*** Opening of Data excerpts ***

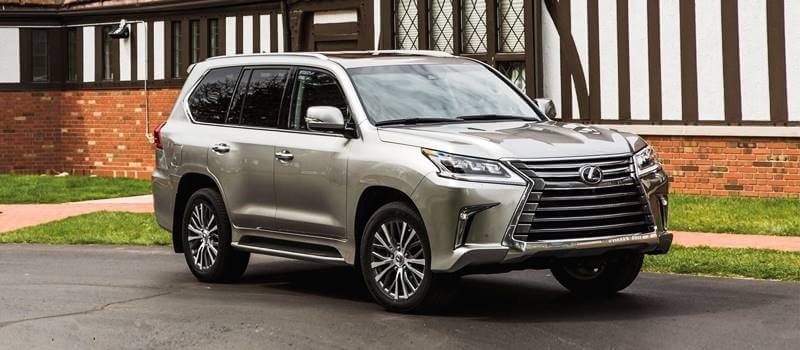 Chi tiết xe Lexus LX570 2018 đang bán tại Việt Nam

*** Close of Data excerpts ***
*** Opening of Data excerpts ***

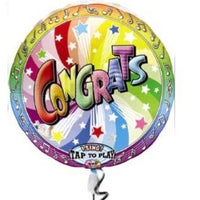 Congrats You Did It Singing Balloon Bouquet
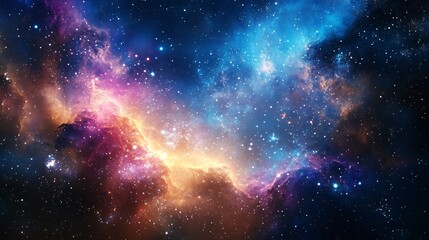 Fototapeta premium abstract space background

*** Close of Data excerpts ***

What the task asks:
For this exercise, set down the lines in the entries above from the one with "Congrats You Did It Singing Balloon Bouquet" through the one with "Fototapeta premium abstract space background" exactly as written, without any pictures.

Finished exercise:
 Congrats You Did It Singing Balloon Bouquet
 Fototapeta premium abstract space background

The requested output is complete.